Hartford Stage has had a long, rewarding relationship with Albee’s plays. The company presented the world premieres of “Listening” and “Counting the Ways” (with Angela Lansbury) in 1976, “Tiny Alice” in 1972 and “All Over” in 1975. Now former Hartford a.d. Mark Lamos has returned to the company to direct “Seascape,” having proved his affinity for Albee with his award-winning 1998 staging here of “Tiny Alice,” a production that later moved to New York’s Second Stage. (Although a Lamos staging of “Seascape” had been announced for Second Stage’s current season, this production is no longer on the company’s roster.)
Although two of its characters are lizardlike sea creatures, “Seascape” does not share the inscrutability of “Tiny Alice.” It’s one of Albee’s more straightforward plays, dealing with one couple mulling over the pros and cons of evolving out of the sea and the other weighing the options of retirement. It does not have the visceral power of some of Albee’s other works; rather, it has a watercolor lightness of touch and a musicality that Lamos and his cast have evoked with deft aplomb.

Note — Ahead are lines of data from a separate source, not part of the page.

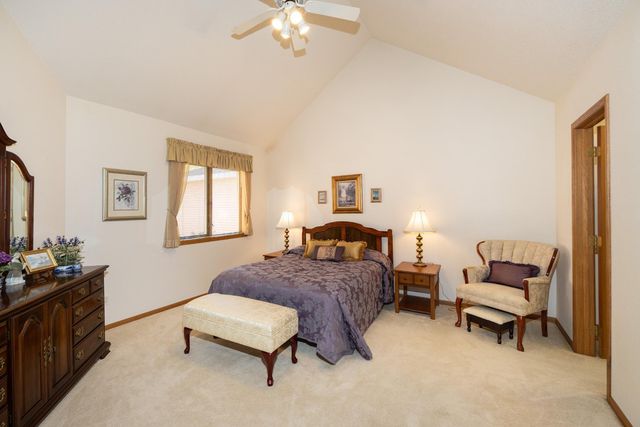 3325 W Prairiewood Drive S, Fargo, ND 58103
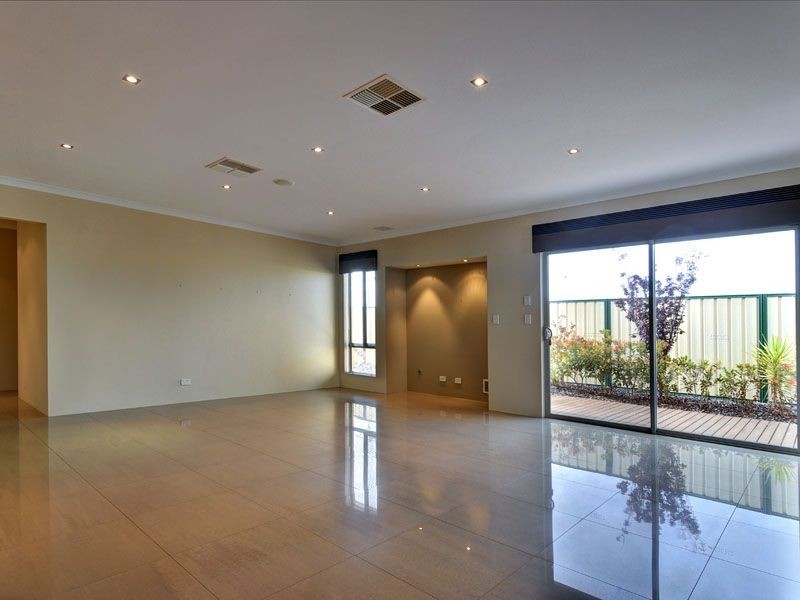 48 Macquarie Boulevard, Hammond Park WA 6164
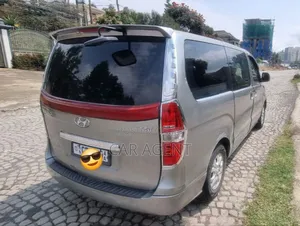 Hyundai Starex 2015 Silver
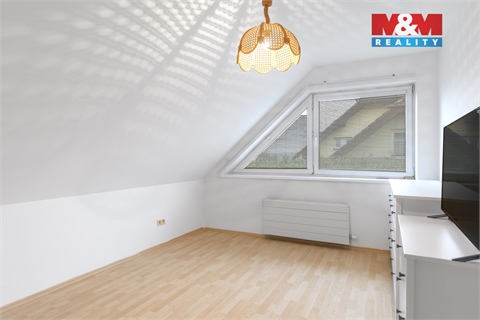 Prodej rodinného domu, 265 m² - 2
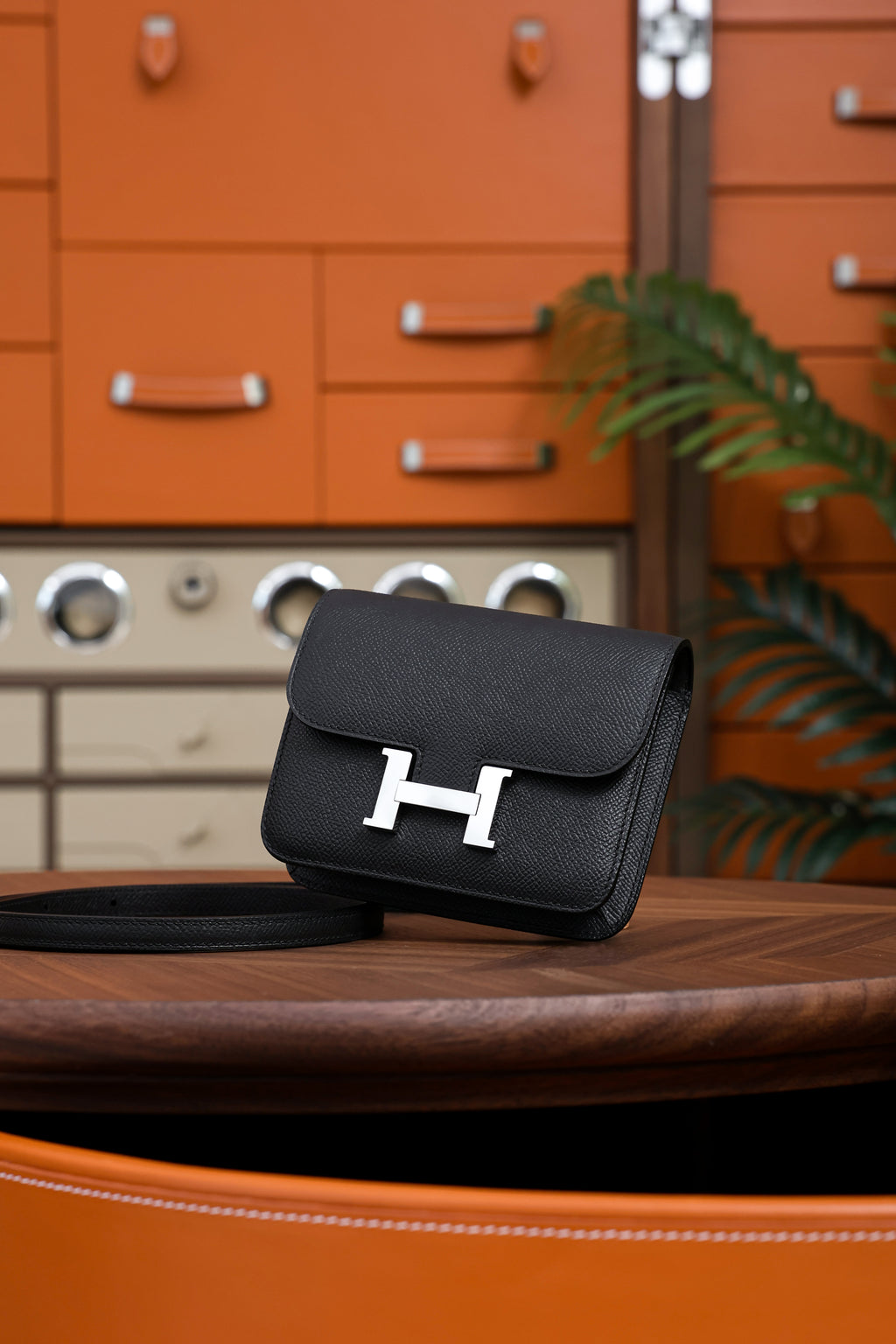 Constance- All Handmade Golden / Sliver Noir ep leather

As Nancy and Charlie, the human couple facing old age, Pamela Payton-Wright and George Grizzard easily expunge any memories of others in their roles. And if Annalee Jefferies and David Patrick Kelly don’t eclipse Maureen Anderman and Frank Langella, who created the roles of the sea creatures Sarah and Leslie on Broadway, they are still very effective in their lizard bodysuits complete with spikes and lengthy tails, particularly the wide-eyed, unblinking Jefferies.

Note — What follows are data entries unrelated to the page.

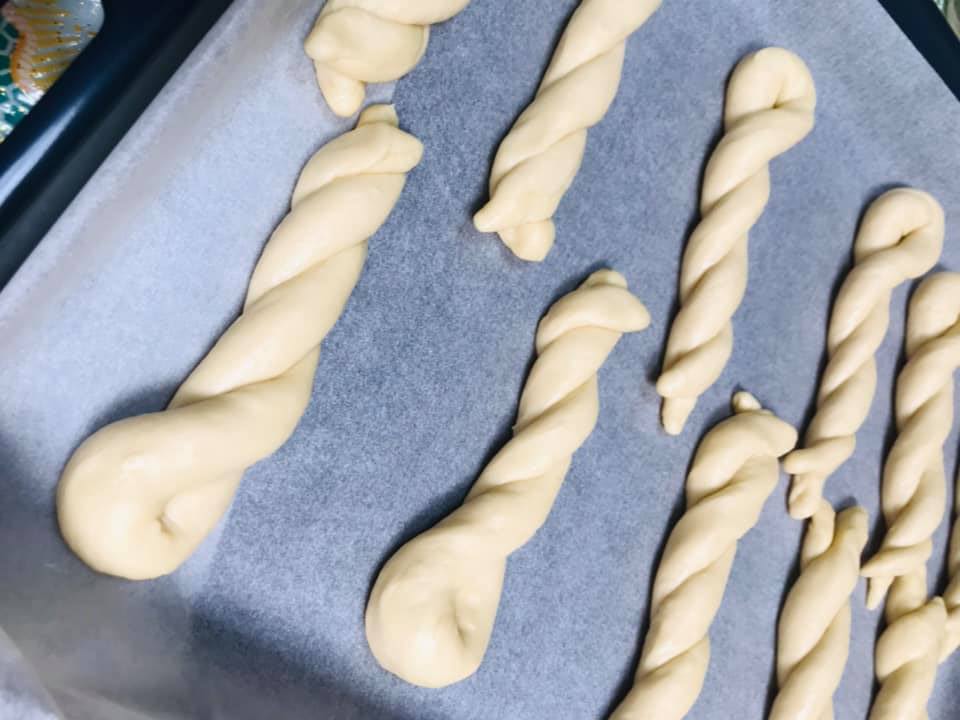 Ricetta Treccine con lo zucchero - passaggio 12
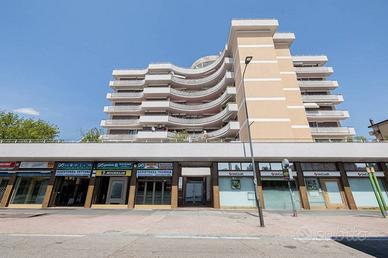 Appartamento di 116 m² con 3 locali e box auto a M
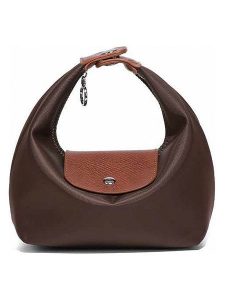 SUVRAI Torebka w kolorze brązowym - 20 x 23 x 11 cm rozmiar: onesize. Brązowe torebki klasyczne SUVRAI, bez wzorów, z materiału, na ramię, bez dodatków. Za 108,99 zł.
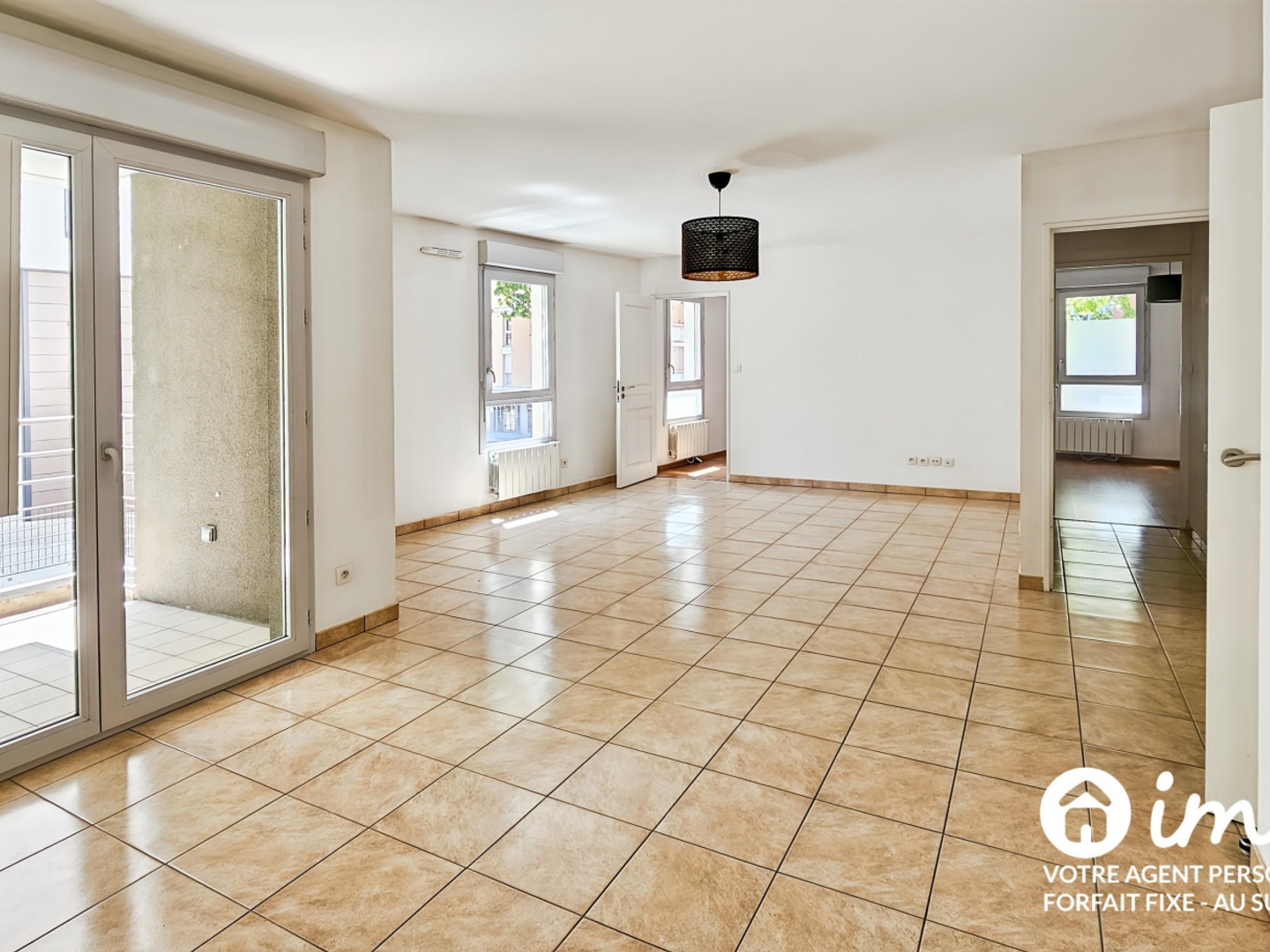 Appartement 3 pièces avec balcon, garage possible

The play takes place on a spacious dune, exquisitely designed by Riccardo Hernandez as a sweeping hill of sand with a few rocks and tufts of sea grass. The sky above and behind is lit with sunny airiness by Mimi Jordan Sherin. A couple in late middle age have been picnicking on the dune, and the play opens with a monologue by Nancy (she’s the talkative one).
Throughout her career, Payton-Wright’s overemphatic vocal delivery has sometimes been wearing on the ear, but here she harnesses it as part of her characterization, and her performance is the finest this theatergoer has seen her give. As Charlie, Grizzard is equally fine in a quiet and wryly thoughtful way. He is the still point around which the play revolves, and he also has never been better. What’s particularly remarkable and touching is the way Albee, Lamos and these two actors delineate the deep lifelong love Nancy and Charlie share even when bickering.

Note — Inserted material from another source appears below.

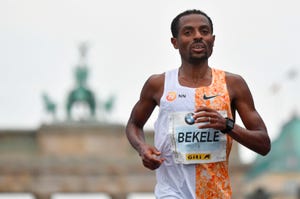 el atleta keniano kenenisa bekele llegando a la meta del maratón de berlín 2019, donde logró la segunda marca de la historia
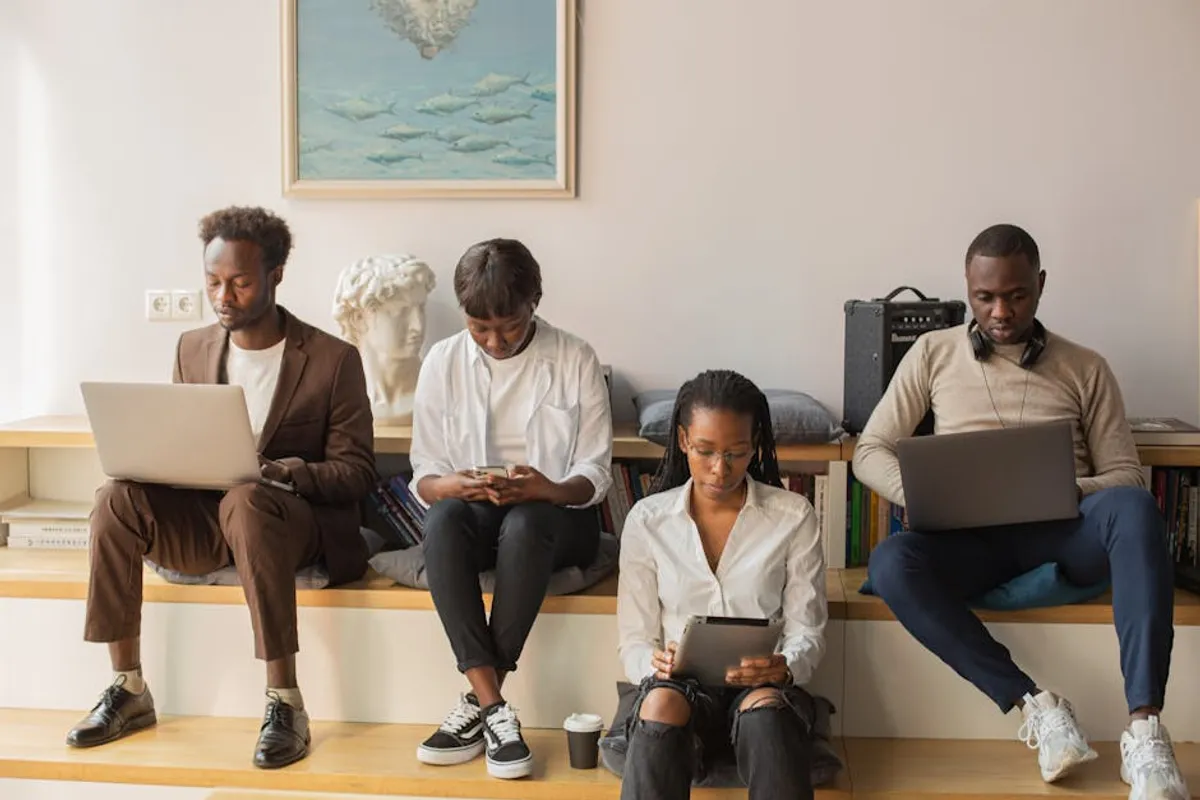 How culture-focused readers can make sense of mollygram.com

Given that they have to perform within Constance Hoffman’s brilliantly designed, all-enveloping lizard suits, and often on all fours, Kelly and Jefferies also must be applauded as, in act two, after a wary, fearful first encounter, they and their human counterparts discuss evolution, bigotry, emotions, aerodynamics, etc. Conveniently, the sea creatures speak English, though they don’t understand certain words, including “love.”
The play ends with the humans encouraging the sea creatures not to return to the sea but to continue their evolution on land, with their help. “Seascape” even encompasses hope for the future.
Realizing that music per se would be redundant in any production of “Seascape,” Lamos hasn’t used any, relying instead on the script’s own music, thereby making the sound effects — the sound of the sea, noisy jets overhead and seagulls — all the more effective. It’s unlikely “Seascape” will ever receive a more expertly and lovingly realized production.